The Hey Auri! column is dedicated to answering your questions and providing helpful advice.
How are you able to manage juggling your friendships?
I recently had a falling out with one of my close friends and I am not sure how to handle the situation. I don't want to go into detail about what happened, but to sum it up, I felt like I was wronged by my friend, and my friend felt wronged by me. I also feel like I value the friendship more than my friend does.
Should I just end the friendship? Please give me some advice, I really need it.
Sincerely, No New Friends?
Hey "No New Friends?",
Well, for starters, I am sorry that you and your friend had a falling out.

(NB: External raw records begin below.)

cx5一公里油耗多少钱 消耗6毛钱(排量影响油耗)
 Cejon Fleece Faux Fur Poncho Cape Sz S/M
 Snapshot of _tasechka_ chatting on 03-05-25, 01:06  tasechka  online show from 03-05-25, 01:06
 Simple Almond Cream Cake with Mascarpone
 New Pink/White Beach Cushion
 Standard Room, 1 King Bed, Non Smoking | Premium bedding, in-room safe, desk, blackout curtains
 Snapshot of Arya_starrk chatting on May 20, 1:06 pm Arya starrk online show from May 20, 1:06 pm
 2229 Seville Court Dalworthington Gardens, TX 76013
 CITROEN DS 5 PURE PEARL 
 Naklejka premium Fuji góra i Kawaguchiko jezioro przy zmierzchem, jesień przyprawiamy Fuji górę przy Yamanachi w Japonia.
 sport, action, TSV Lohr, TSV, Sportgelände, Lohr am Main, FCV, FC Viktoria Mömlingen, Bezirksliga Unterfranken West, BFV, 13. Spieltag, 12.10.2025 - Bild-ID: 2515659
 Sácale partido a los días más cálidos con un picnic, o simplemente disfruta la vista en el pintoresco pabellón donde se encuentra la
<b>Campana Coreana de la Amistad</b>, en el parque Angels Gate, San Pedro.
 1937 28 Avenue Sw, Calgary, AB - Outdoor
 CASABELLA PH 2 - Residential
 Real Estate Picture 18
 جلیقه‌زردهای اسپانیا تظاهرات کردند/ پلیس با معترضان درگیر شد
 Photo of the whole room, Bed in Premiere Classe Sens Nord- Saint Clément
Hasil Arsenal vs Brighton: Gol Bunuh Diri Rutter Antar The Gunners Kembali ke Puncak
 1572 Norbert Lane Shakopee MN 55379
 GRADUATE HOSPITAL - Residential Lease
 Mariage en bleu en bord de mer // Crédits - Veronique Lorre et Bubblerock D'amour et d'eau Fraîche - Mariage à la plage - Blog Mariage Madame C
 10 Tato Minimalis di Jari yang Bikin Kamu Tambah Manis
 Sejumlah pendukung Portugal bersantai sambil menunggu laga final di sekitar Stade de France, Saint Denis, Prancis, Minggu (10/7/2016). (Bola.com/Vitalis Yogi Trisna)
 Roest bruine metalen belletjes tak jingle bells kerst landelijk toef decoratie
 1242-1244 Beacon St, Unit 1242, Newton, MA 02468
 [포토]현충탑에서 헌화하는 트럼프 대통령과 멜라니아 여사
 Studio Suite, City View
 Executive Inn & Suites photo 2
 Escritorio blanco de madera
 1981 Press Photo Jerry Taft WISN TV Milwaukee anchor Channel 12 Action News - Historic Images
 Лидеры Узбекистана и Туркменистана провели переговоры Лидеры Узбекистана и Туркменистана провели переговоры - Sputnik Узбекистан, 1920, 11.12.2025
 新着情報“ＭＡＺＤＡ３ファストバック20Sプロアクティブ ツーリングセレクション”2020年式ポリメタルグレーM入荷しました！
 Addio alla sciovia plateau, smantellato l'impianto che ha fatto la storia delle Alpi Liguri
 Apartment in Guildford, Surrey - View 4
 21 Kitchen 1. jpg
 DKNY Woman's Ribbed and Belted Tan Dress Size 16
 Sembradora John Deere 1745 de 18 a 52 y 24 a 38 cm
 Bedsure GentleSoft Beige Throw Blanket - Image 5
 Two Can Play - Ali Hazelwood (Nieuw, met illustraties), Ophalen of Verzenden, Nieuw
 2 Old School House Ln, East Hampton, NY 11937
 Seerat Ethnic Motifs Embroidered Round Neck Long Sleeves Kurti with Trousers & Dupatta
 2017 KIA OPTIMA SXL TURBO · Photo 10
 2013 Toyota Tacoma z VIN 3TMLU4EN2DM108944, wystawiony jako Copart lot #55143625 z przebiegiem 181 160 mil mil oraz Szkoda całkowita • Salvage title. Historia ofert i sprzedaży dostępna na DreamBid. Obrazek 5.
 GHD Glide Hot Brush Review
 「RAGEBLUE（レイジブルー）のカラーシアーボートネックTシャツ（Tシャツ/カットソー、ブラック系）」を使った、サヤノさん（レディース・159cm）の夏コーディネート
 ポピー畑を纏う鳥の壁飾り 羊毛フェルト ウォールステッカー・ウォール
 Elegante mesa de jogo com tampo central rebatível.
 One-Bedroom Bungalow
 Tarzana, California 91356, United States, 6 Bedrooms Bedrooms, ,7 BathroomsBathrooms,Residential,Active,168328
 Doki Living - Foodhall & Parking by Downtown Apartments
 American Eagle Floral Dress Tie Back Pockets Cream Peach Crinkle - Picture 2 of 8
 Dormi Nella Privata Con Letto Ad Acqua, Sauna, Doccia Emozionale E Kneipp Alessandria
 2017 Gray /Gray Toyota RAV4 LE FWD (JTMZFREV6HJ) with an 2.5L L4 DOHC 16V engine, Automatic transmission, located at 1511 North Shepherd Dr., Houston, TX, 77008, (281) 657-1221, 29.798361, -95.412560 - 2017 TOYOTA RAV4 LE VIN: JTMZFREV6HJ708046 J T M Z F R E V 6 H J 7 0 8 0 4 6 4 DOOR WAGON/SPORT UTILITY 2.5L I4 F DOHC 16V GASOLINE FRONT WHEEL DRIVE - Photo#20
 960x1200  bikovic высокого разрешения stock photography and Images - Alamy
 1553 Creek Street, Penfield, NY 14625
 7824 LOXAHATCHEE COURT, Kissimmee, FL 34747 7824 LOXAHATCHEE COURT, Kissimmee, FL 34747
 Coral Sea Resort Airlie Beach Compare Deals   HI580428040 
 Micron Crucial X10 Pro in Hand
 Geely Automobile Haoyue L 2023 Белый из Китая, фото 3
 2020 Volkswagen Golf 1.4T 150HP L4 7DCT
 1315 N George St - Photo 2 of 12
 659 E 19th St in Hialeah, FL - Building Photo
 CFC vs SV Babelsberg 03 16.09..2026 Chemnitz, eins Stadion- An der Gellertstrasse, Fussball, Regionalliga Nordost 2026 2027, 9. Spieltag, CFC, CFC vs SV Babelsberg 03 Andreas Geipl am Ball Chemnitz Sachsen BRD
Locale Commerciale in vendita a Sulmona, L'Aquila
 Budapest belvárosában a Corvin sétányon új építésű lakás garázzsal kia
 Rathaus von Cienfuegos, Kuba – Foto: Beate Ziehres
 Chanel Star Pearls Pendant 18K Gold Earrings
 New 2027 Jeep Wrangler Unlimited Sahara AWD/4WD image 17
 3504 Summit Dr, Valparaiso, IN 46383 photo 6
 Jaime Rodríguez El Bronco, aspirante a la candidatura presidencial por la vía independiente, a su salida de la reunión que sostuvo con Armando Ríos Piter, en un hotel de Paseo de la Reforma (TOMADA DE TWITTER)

Juggling friendships is no easy task. Like all relationships, they take work, time, and reciprocity (in my opinion). I'd like to consider myself a good juggler of the relationships in my life. When it comes to friendships, however, I like to give them extra special attention just because friendships are by choice, and a lot of the friends I have made throughout life so far are not conveniently in front of my face all the time. One of my best friends moved to San Francisco for school and in order to juggle sustaining a meaningful relationship with her I often visit her when I have free time, and our text messages are always a mile long.
In regards to your situation though, it isn't all about juggling relationships. You can juggle a million relationships, but you have to be fulfilled in those relationships, which is why I mentioned reciprocity. In my opinion you cannot be selfish in a relationship, you both have to be willing to "do for each other".
Some exercises you can do to gauge whether or not a relationship is serving you or if you are serving it is by taking a blank piece of paper, folding it down the middle, and on one side of the paper you write all the good about the person or relationship, and on the other side you write all the bad, and if the bad out-weighs the good you may want to consider cutting ties. You do not have to feel bad for walking away from a situation (or relationship) that is bad for you or no longer serves you. Sometimes people are in your life for a reason, a season, or a lifetime. Just keep being the best type of friend you know how to be. If the good out-weighs the bad though, you may have a good friend on your hands, and you should really try talking to your friend face to face, so you can voice your concerns and the way you feel, and he/she can do the same.
If you or someone you know needs the advice of a professional, please check out your school's psychology services or counseling office.